TO DO: In the records below, find the line containing "Nude study V" and return it together with every later line, exactly as written; pictures are to be omitted.

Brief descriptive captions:

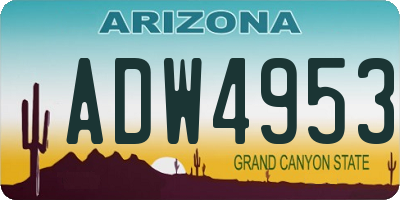 AZ license plate ADW4953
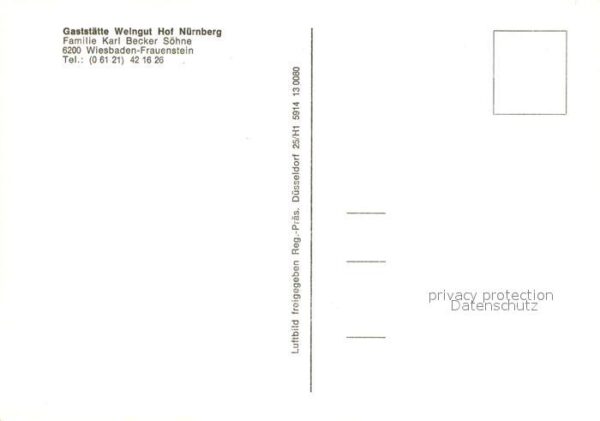 Frauenstein Wiesbaden Fliegeraufnahme Gaststätte Weingut Hof – Bild 2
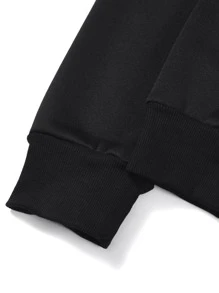 ROMWE MEN Guys Slogan & Bear Print Thermal Hoodie - Black - View 4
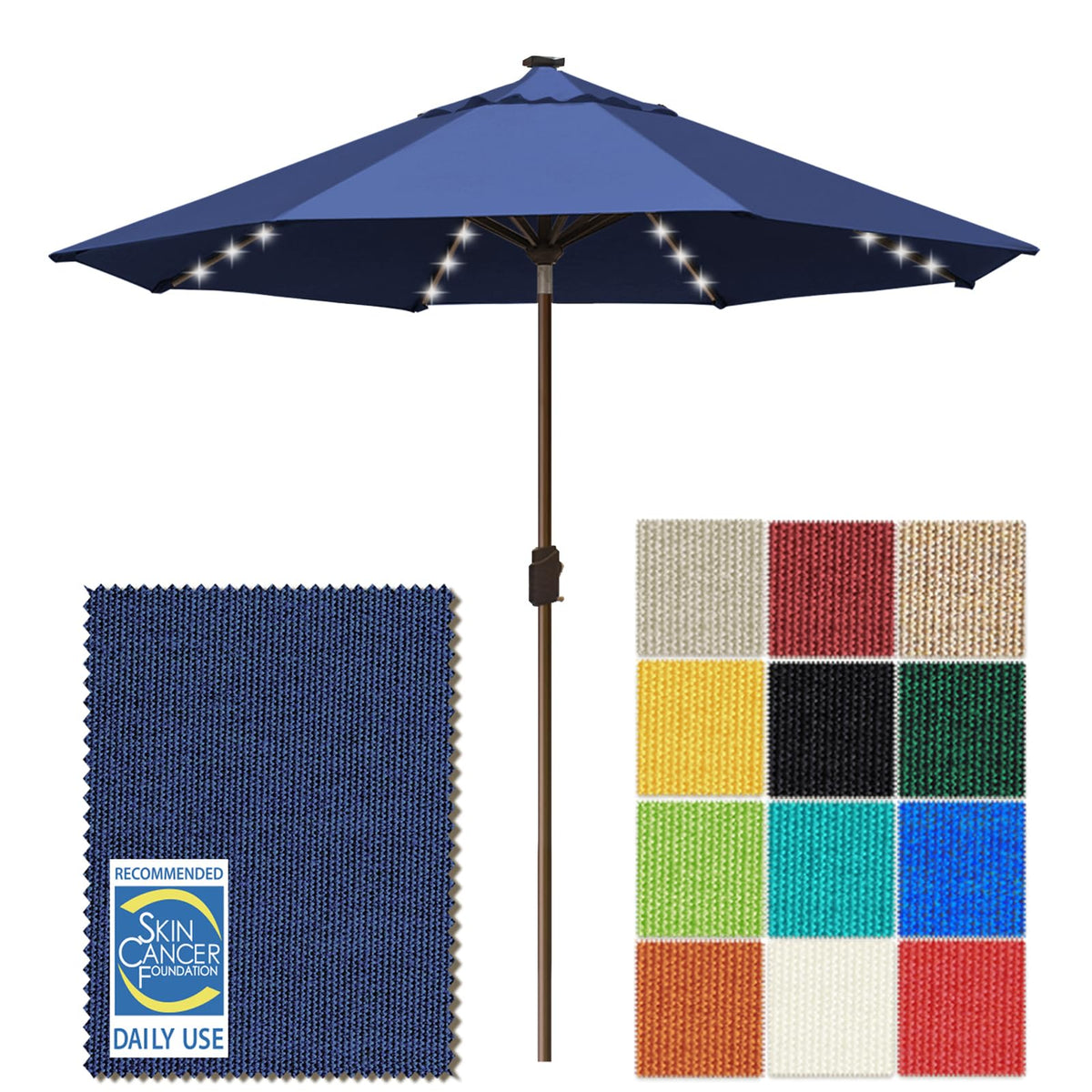 EliteShade USA 10-Year-Non-Fading 9ft 3-Tier Market Patio Umbrella, Commercial Table Umbrella with 80 Solar LED Lights, Crank Open, Windproof & UPF 50+ UV Protection for Garden, Deck, Pool, Backyard, Heather Beige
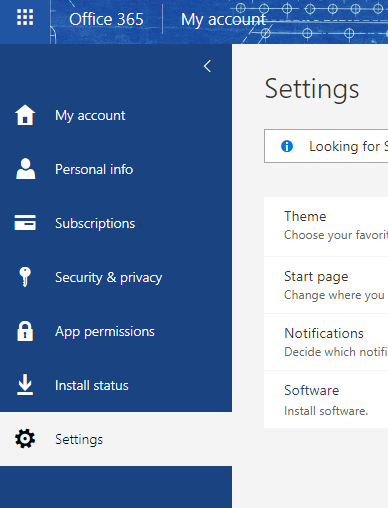 Capture d’écran montrant une fois que vous vous êtes connecté au portail Microsoft 365, sélectionnez abonnements dans le volet gauche.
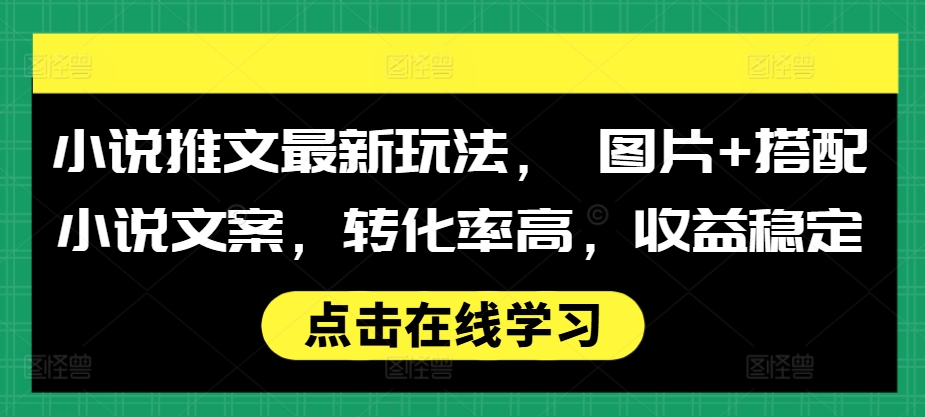 小说推文最新玩法， 图片+搭配小说文案，转化率高，收益稳定-chywc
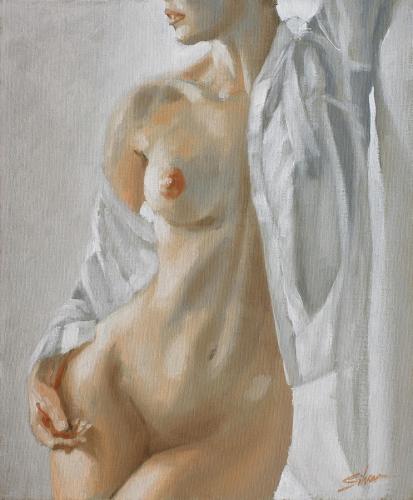 Nude study V - Painting Oil on canvas by © John Silver - AmorArt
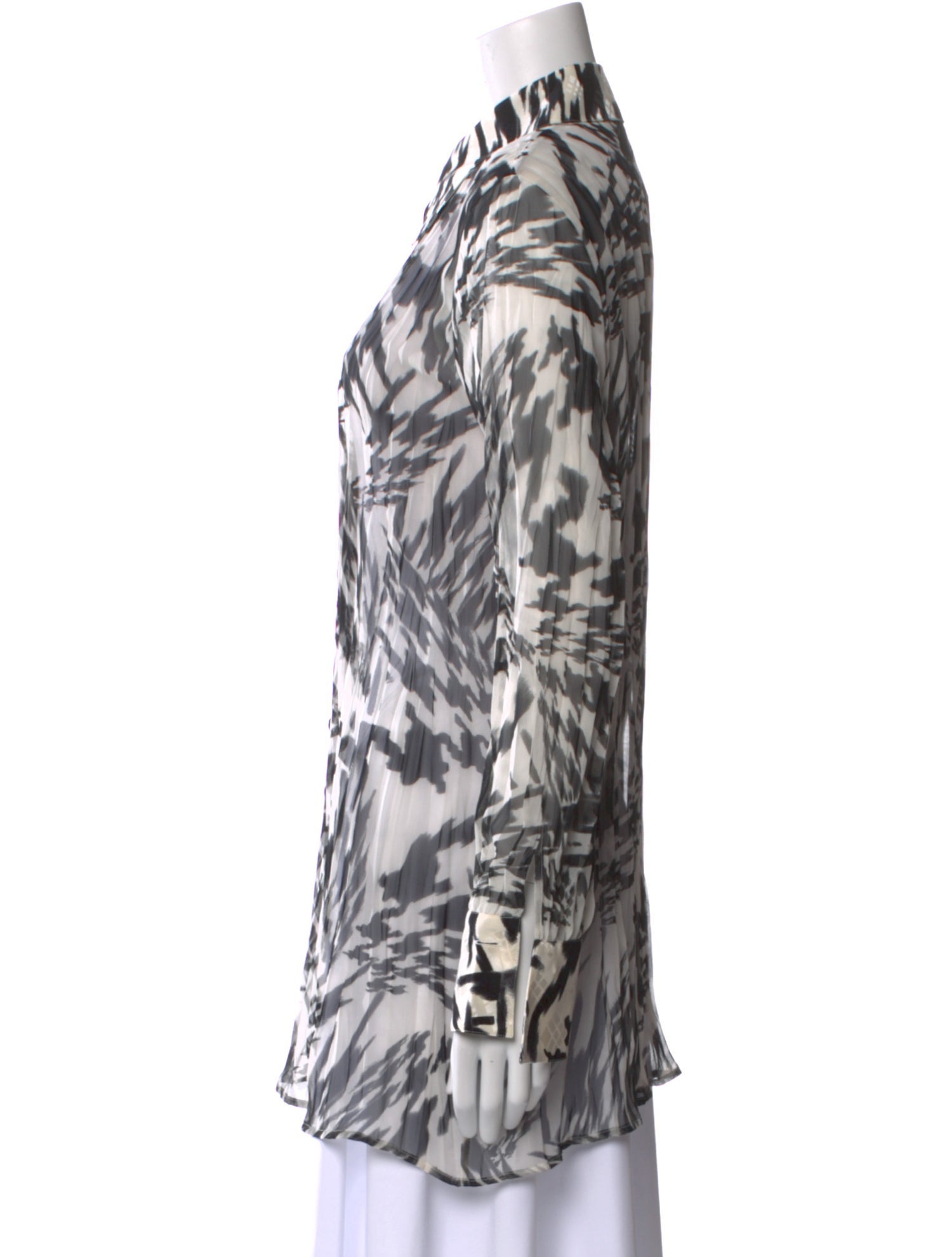 Escada Printed Long Sleeve Button-Up Top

EXPECTED ANSWER:
 Nude study V - Painting Oil on canvas by © John Silver - AmorArt
 Escada Printed Long Sleeve Button-Up Top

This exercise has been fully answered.